Peter Cunningham (b. 1947) is an Irish writer living in County Kildare whose novels (at least as measured by Amazon’s sales figures) seem to be overlooked by American readers.  That’s unfortunate.  Cunningham is a dynamic novelist who tells engaging stories in an elegant style.  His characters are fully developed, his plots are absorbing, and his themes are timeless.

Caveat:  I say all this having read only three of Cunningham’s novels.  Those three have nonetheless made me a fan.  My reviews (linked below) explain my admiration of his work.  Cunningham’s Monument novels, set in rural Ireland during the nineteenth and twentieth centuries, bring life to richly detailed characters while capturing the essence of a time and place.  Although the two I most admire are “serious” novels of literary merit, Cunningham has also written several thrillers, one of which, The Snow Bees, I have read and reviewed.

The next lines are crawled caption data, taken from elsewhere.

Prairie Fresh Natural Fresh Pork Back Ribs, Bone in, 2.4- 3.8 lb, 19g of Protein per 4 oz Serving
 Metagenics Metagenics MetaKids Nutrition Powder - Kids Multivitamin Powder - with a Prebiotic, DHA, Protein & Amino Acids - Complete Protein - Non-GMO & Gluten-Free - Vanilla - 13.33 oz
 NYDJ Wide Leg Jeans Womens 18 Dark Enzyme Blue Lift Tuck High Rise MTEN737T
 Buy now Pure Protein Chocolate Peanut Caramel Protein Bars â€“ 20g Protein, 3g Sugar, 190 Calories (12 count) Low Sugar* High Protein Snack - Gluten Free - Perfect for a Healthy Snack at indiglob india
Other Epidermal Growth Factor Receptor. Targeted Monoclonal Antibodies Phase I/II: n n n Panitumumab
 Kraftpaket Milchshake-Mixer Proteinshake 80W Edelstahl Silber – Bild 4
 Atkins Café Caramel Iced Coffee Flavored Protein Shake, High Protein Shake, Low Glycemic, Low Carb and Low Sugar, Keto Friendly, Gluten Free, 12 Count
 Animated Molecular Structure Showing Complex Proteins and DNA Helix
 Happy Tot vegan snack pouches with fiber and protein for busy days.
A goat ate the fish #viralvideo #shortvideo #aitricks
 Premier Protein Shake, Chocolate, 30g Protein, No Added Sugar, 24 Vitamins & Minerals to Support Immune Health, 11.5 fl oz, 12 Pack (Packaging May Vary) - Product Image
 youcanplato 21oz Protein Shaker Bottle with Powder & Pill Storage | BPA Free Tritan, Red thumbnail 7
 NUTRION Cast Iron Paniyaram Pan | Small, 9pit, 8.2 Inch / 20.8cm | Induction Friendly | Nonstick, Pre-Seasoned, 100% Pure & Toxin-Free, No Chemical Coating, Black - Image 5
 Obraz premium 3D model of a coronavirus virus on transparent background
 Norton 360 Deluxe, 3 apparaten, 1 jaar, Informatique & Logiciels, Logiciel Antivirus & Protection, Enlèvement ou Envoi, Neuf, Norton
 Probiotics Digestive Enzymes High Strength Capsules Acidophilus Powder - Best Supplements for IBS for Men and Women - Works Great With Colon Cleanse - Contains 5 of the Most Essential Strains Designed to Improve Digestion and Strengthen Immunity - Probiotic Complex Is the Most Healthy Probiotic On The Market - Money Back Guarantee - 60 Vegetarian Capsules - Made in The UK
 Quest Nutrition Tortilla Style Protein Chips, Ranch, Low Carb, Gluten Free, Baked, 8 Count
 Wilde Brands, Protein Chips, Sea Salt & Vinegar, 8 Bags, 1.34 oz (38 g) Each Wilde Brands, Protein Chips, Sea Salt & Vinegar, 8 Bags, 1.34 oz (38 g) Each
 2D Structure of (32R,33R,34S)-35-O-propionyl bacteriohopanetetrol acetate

Before he became a novelist, Cunningham gained writing experience as a journalist and newspaper columnist.  Cunningham also pursued careers as an accountant and as a commodities trader.  According to his website, Cunningham’s varied work experience has included laboring as a barge painter, a kitchen porter, a clerk on the floor of the New York Stock Exchange, and a sheep farmer.

Cunningham wrote his first novel in 1986 and began writing full-time in 1989.  In addition to the books he has published under his own name, he’s written thrillers under the pen names Peter Lauder and Peter Benjamin.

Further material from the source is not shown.